Gradient-flow graph for example computational graph

Fig 2.b: Gradient-flow graph for above example

Fig 2.b: Gradient-flow graph for above example

  • We can think of the above computation as gradients (i.e. partial derivatives) flowing from the output(s) towards the input(s) of a computational graph, and construct the respective gradient-flow graph, shown in Fig 2.b: Gradient-flow graph for above example.
    • In this graph, the edges represent the partial derivative between the two nodes connected by the edge.

    • To get the gradient of a particular node w.r.t. the output, we consider gradients along all paths from the output to that node.
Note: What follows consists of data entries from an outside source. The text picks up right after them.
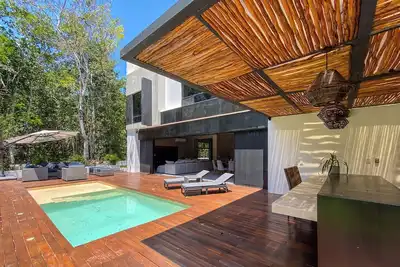 Image de Exclusive villa in Akumal located in the 7th hole of the Pga certified course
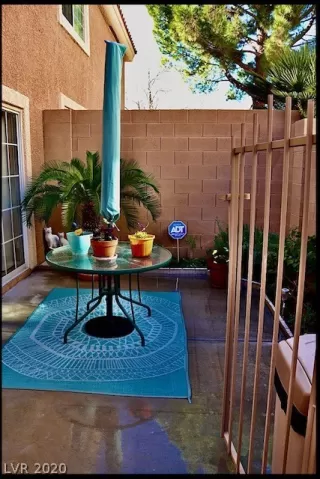 Photo #4: 2162344 Listing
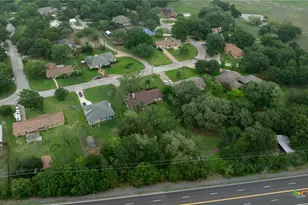 150 Oak Creek Cir, Luling, TX 78648 - Photo 34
    • As we traverse edges along a particular path from the output to the input, we multiply by the gradients we encounter.
      • E.g. to get \(\frac{\partial g}{\partial e}\), we multiply \(\frac{\partial g}{\partial f} \cdot \frac{\partial f}{\partial e}\)

    • As for \(\frac{\partial g}{\partial c}\): despite the fork at \(e\), there is only one path from \(g\) to \(c\), which is \(g \rightarrow f \rightarrow e \rightarrow c\) . Thus:

      \[\frac{\partial g}{\partial c} = \frac{\partial g}{\partial f} \cdot \frac{\partial f}{\partial e} \cdot \frac{\partial e}{\partial c}\]

      The same holds true for \(\frac{\partial g}{\partial d}\).

    • When two or more paths in a gradient-flow graph join at a node (such as \(b\)) we must sum up the product of gradients along all of these paths:

      \[\frac{\partial g}{\partial b} = \left( \frac{\partial g}{\partial f} \cdot \frac{\partial f}{\partial e} \cdot \frac{\partial e}{\partial d} \cdot \frac{\partial d}{\partial b} \right) + \left( \frac{\partial g}{\partial f} \cdot \frac{\partial f}{\partial e} \cdot \frac{\partial e}{\partial c} \cdot \frac{\partial c}{\partial b} \right)\]

      A more intuitive grouping is possible, based on the flow:

      \[\frac{\partial g}{\partial b} = \frac{\partial g}{\partial f} \cdot \frac{\partial f}{\partial e} \cdot \left( \frac{\partial e}{\partial d} \cdot \frac{\partial d}{\partial b} + \frac{\partial e}{\partial c} \cdot \frac{\partial c}{\partial b} \right)\]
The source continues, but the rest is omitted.